Also available in Chinese Japanese Portuguese

The API Layer and Client Orchestration transaction strategies that I've covered in previous articles in this series are core strategies that apply to most standard business applications. They are simple, relatively easy to implement, and robust and they offer the highest levels of data integrity and consistency. However, there may be times when you need to reduce a transaction's scope to gain throughput, improve performance, and increase concurrency in the database. How do you do this and still maintain a high level of data integrity and consistency? The answer is to use the High Concurrency transaction strategy.
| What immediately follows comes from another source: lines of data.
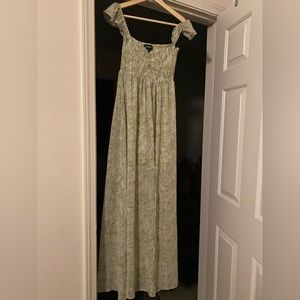 Miss matched size medium to small maxi dress off the shoulder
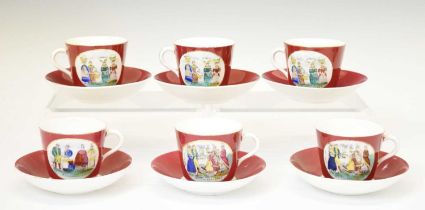 Victorian Welsh Interest - cups and saucers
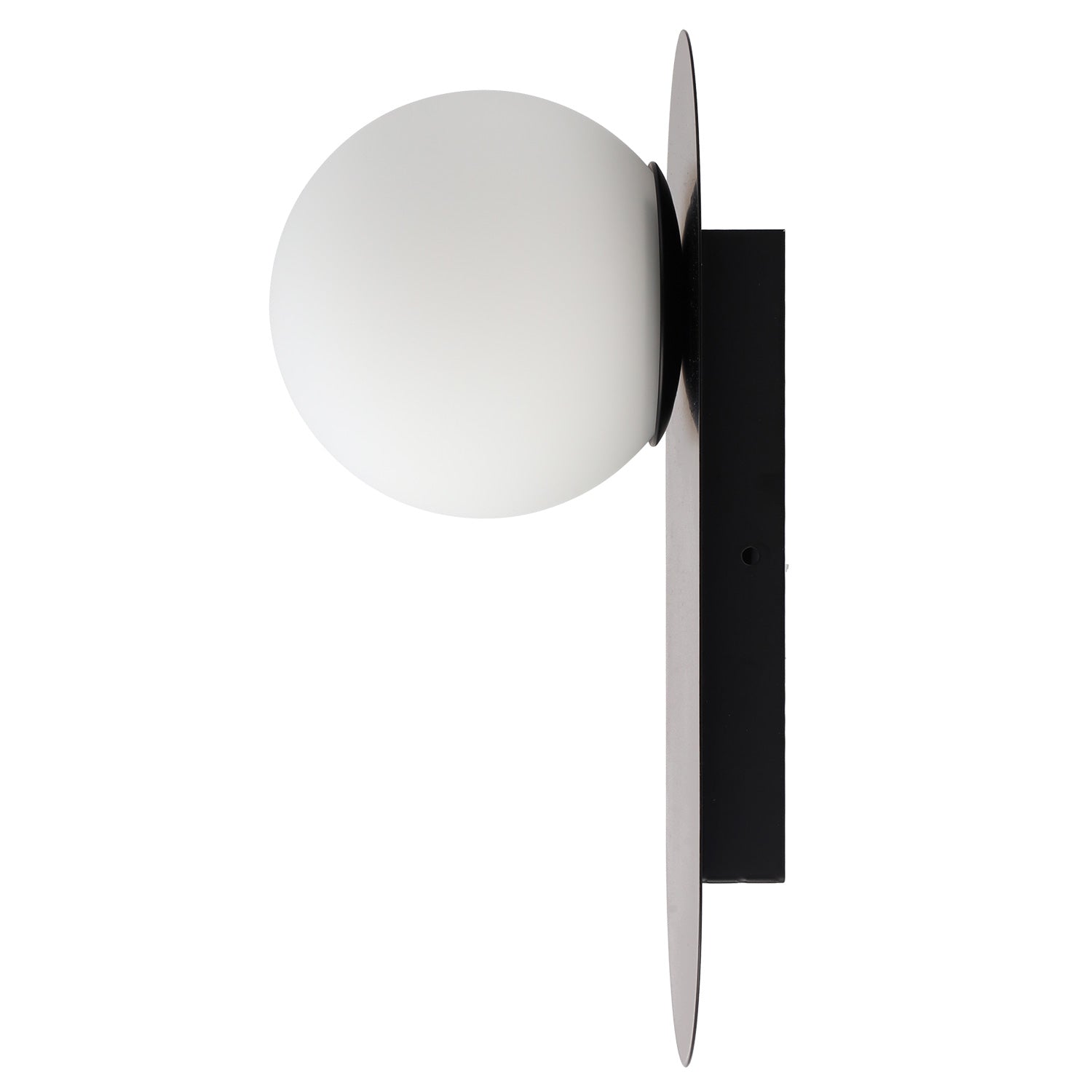 Arandela com esfera de cristal "Glow", preto - Image 3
The High Concurrency strategy derives from the API Layer strategy. The API Layer strategy, though solid and robust, does have a few drawbacks. Always starting transactions at the highest level in the call stack (the API layer) can be inefficient, particularly in cases of high-user-throughput and high-database-concurrency needs. Barring specific business requirements, holding on to a transaction longer than necessary consumes extra resources, holds locks longer, and holds on to resources longer than may be necessary.

About this series

Transactions improve the quality, integrity, and consistency of your data and make your applications more robust. Implementation of successful transaction processing in Java applications is not a trivial exercise, and it's about design as much as about coding. In this series, Mark Richards is your guide to designing an effective transaction strategy for use cases ranging from simple applications to high-performance transaction processing.

Like the API Layer strategy, the High Concurrency strategy frees the client layer from any transaction responsibility. However, this also means that you can have only one call from the client layer for any given logical unit of work (LUW). The High Concurrency strategy aims to reduce the transaction's overall scope so that resources are locked for less time, thereby increasing the application's throughput, concurrency, and performance characteristics.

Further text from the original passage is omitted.